What lesson can we learn from the farm laws episode for navigating reforms in the future? The Prime Minister himself alluded to one big lesson when he admitted in his concession speech that his government failed to disseminate the benefits of the proposed reforms. He was spot on.

Economic reforms produce winners and losers. In the case of farm laws, losers were the relatively large farmers with a marketable surplus, who feared losing the protection of the minimum support price (MSP).

On the other side, potential winners were the larger public who would have benefitted by way of a cleaner environment and lower agricultural prices as market forces gradually engineered a shift in production from cereals to cash crops. The public would have benefitted too, albeit less obviously via the alternate use of the money saved on MSP –better schools and health facilities, for example.

In theory, any reform measure where the winners gain more than the losers lose should sail through. In practice things hardly ever work out that neatly. Many real-world factors – interest group dynamics, biases and even misinformation – come in the way of the best policies getting through Consider for example the unequal incentives of winners and losers to mobilise and agitate for their cause. In the case of farm laws farmers were a relatively small group, united by a single cause, each of them losing heavily if the reform went through.

On the other side, benefits of the reform would have spread thinly across the vast public; for any single individual, the reward was small, the cost of getting organised high, and the incentive to agitate quite low. In the absence of any  effort to mobilise the larger, amorphous group behind its  interest, the smaller group held sway.

The play-off between winners and losers is also complicated by the time dimension. For farmers, he cost if the reform went through would be immediate which therefore galvanised them into action. For the public  on the other side, benefits of reform, although cumulatively .substantial, would accrue over time.

How much weight will the public attach to a benefit that comes not today but later? Overburdened as people are with today’s problems, from their point of view tt is not worth for them to invest time and effort into agitating today for a benefit tomorrow– yet another reason a small interested group gets its way.

Beyond asymmetric incentives to agitate, collective action is also hampered by ignorance. Oftentimes, winners don’t even realise what they might gain by a specific reform. Take procurement under MSP for example. Although the MSP scheme covers 23 crops, the bulk of the expenditure is on buying rice and wheat from a small segment of farmers in relatively prosperous states. Procurement then becomes in effect a silent fiscal transfer from the Centre to those states.

Juxtapose that with the acrimony that surrounds central fiscal transfers to states via the Finance Commission awards and centrally sponsored schemes. Chief Ministers cry foul over their state getting less than its due. Economists have concerns on whether the transfers are efficient and equitable Analysts pore over which states got more or less compared to prior years. And all of them fail to reckon with under the radar transfers such as those under the MSP.

As the Nobel prize winning economist Garybecker argued there are many factors that make small, well-organised groups benefit in the political process at the cost of the vast majority. To promote the larger public good therefore, governments need to invest effort into communication and consultation to prevent the debate getting hijacked by a narrow interest group.

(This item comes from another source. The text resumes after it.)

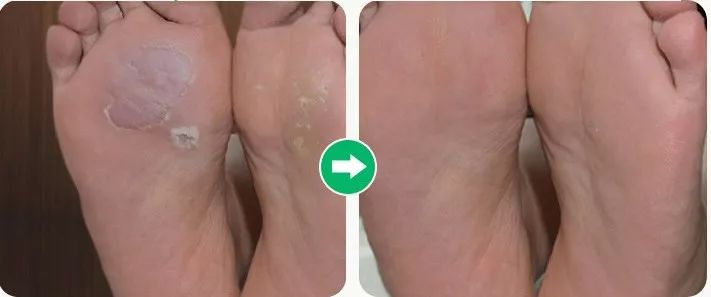 脚气熏天超尴尬这个除菌喷雾7天拯救小臭脚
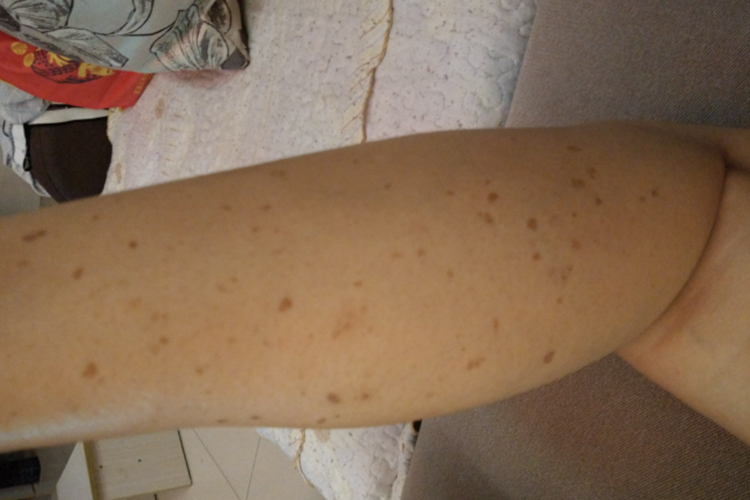 神经纤维瘤病小腿长斑图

It’s not anyone’s case that the farmers who felt threatened by farm laws would not have come out on the streets if the government explained the case for the reform. But such a proactive effort would have helped in building a constituency for the reform

On the usefulness of prior consultation in navigating contentious reforms, I speak with some personal experience. Back in the mid-1990s, in the Andhra Pradesh government, we the administration was confronted with a serious resource crunch that called for politically painful expenditure restructuring.  The government had to chop many subsidies including raising the price of subsidised rice – the government’s flagship scheme.

Chandrababu Naidu, the CM at the time, agonised over it quite a while and then, instead of deciding ..on the issue right away, suggested that  this be  put off for a white  explaining the financial situation and the government had to make.

Frankly, this was all a waste of time since common people will not understand public finances, and in any case, they will not support a measure that would directly hurt them.  But surprisingly, Naidu, politically savvy as he had always been, organised extensive dissemination of the white paper both through the government .machinery and his party structure.

In several focus group meetings, ordinary people asked if they would get better roads or drinking water in their village from the money saved on the subsidy. After weeks of this, it was not certain there was total support for the subsidy cuts but the opposition to them was substantially attenuated.

We have always taken pride in our reforms being robust because they are vetted by a democratic process. But we should not risk reforms becoming hostage to the distortions of that democratic process.

Jean-Claude Juncker, the former president of the European Union famously said, We all know what to do, we just don’t know how to get re-elected after we’ve done it.”

Narendra Modi, arguably commanding the strongest political capital compared to any Indian leader in decades, has the challenge and opportunity of proving Juncker wrong. (IPA Service)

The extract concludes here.